*** Opening of Task data ***

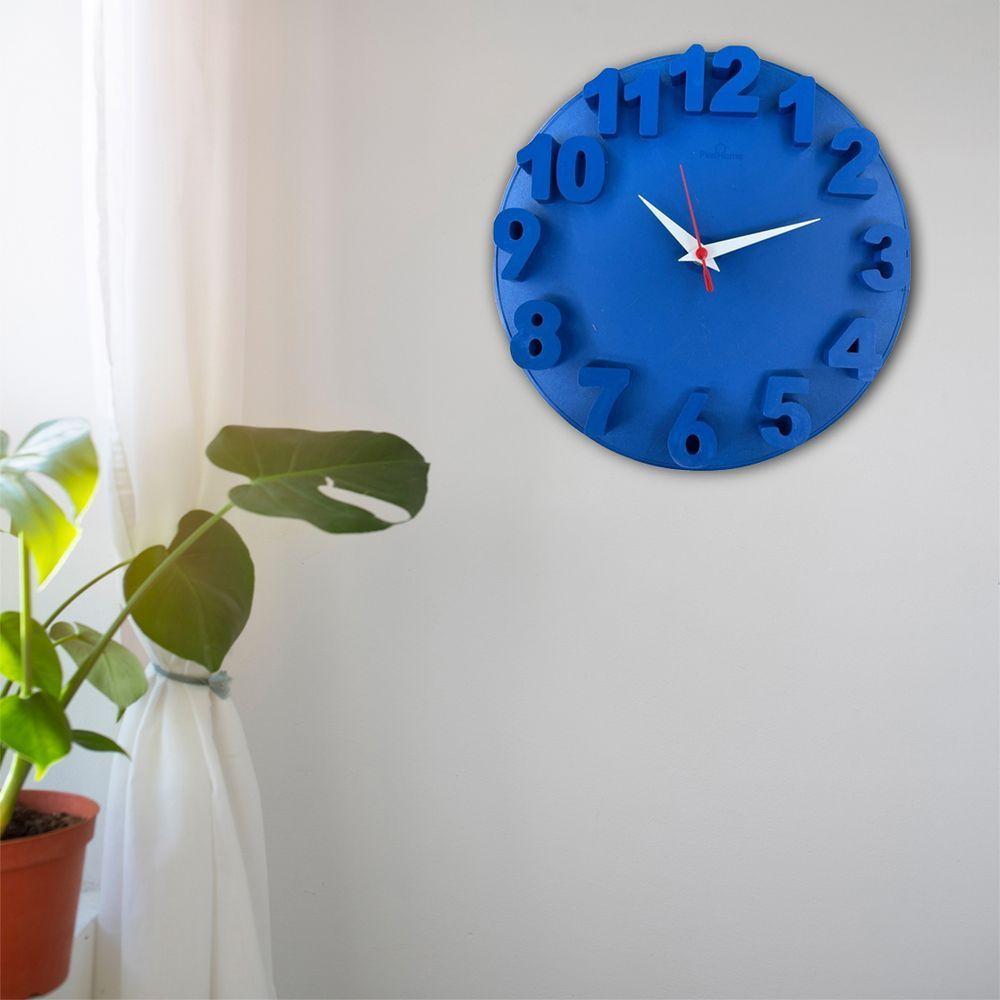 Relógio De Parede Redondo Alto Relevo 3d 30cm Delta Phr001 Azul - 2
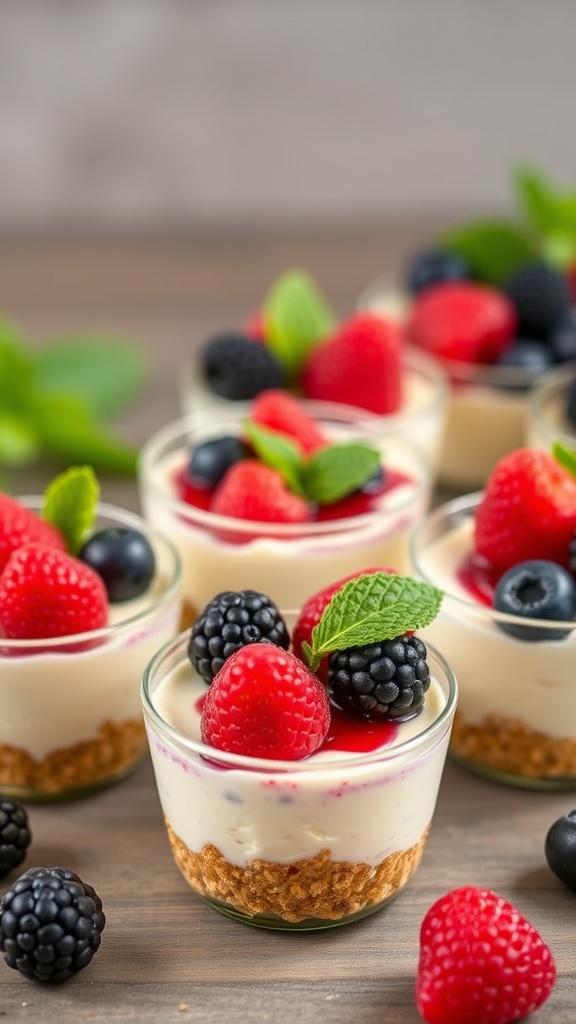 No-bake cheesecake cups with berries and mint garnish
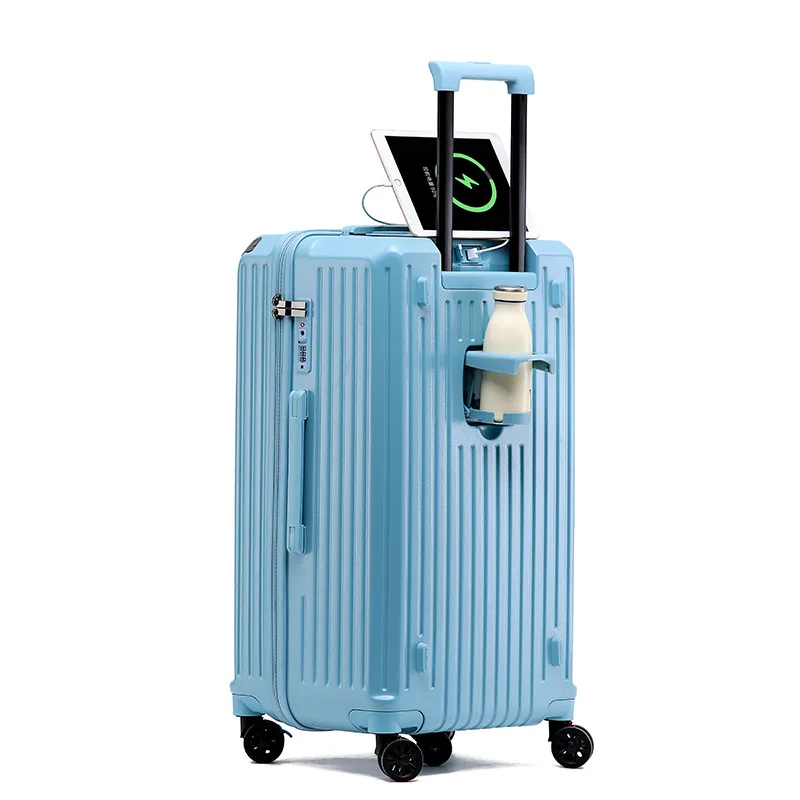 Custom logo 20/24/26/28/30/34 inch Extra large capacity Travel Trolley suitcases luggage with usb port and cup holder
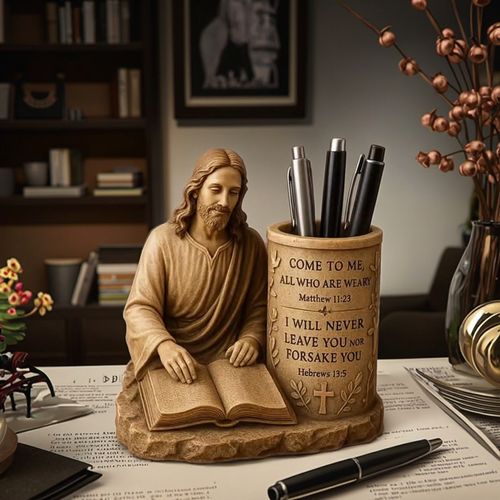 📜📚✏️🔥New pencil holder with Bible verse, handcrafted resin statue, pen holder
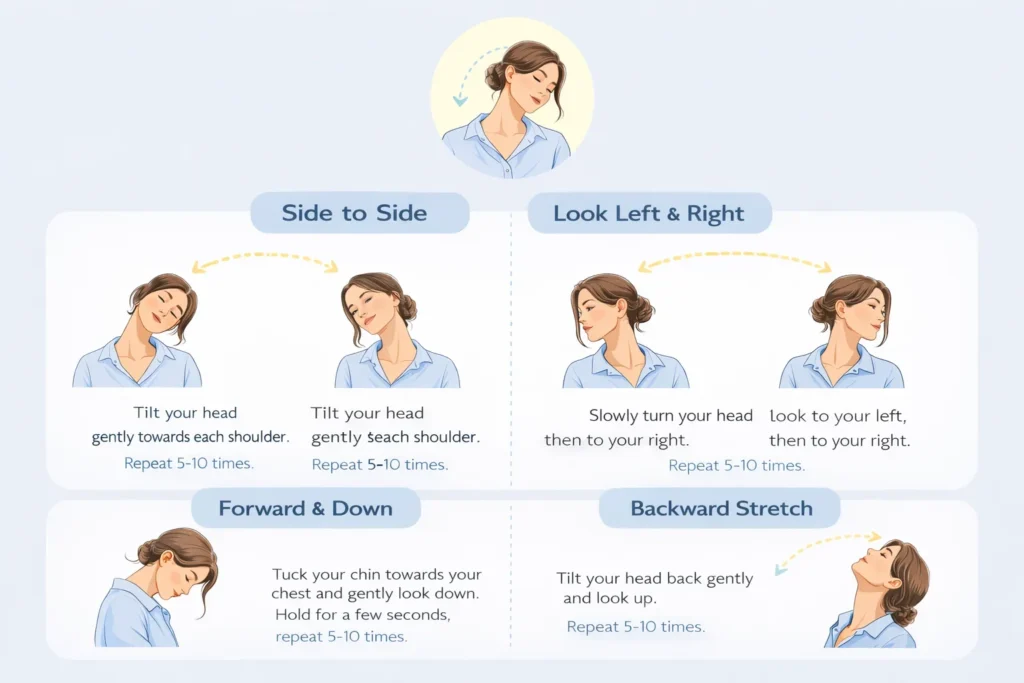 Gentle neck stretches for tension relief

*** Close of Task data ***

* _Task brief_: After locating the line with "statue, pen holder", transcribe it and the rest of the data above exactly as written, without any picture.

* _Result_:
 📜📚✏️🔥New pencil holder with Bible verse, handcrafted resin statue, pen holder
 Gentle neck stretches for tension relief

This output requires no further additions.